→ **WORK REQUIRED**
All of the data should be restated word for word, with the pictures omitted.

→ **MATERIAL PROVIDED**
··········

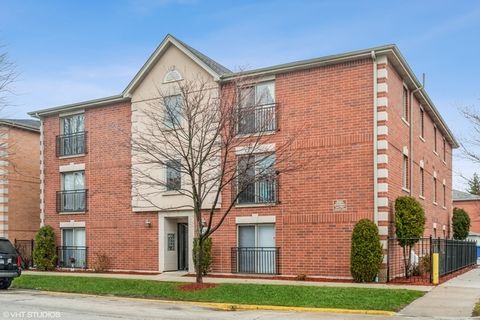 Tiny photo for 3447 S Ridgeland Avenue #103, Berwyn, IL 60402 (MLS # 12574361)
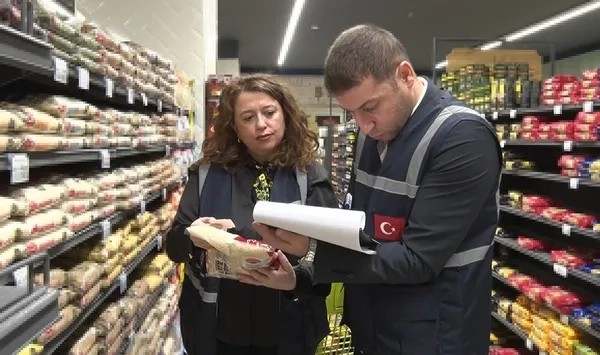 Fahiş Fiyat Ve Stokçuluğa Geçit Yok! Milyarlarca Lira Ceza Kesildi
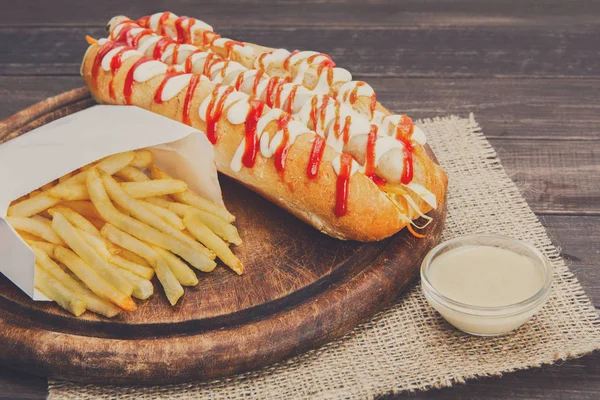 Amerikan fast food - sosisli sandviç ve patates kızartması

··········

→ **SOLUTION BELOW**
 Tiny photo for 3447 S Ridgeland Avenue #103, Berwyn, IL 60402 (MLS # 12574361)
 Fahiş Fiyat Ve Stokçuluğa Geçit Yok! Milyarlarca Lira Ceza Kesildi
 Amerikan fast food - sosisli sandviç ve patates kızartması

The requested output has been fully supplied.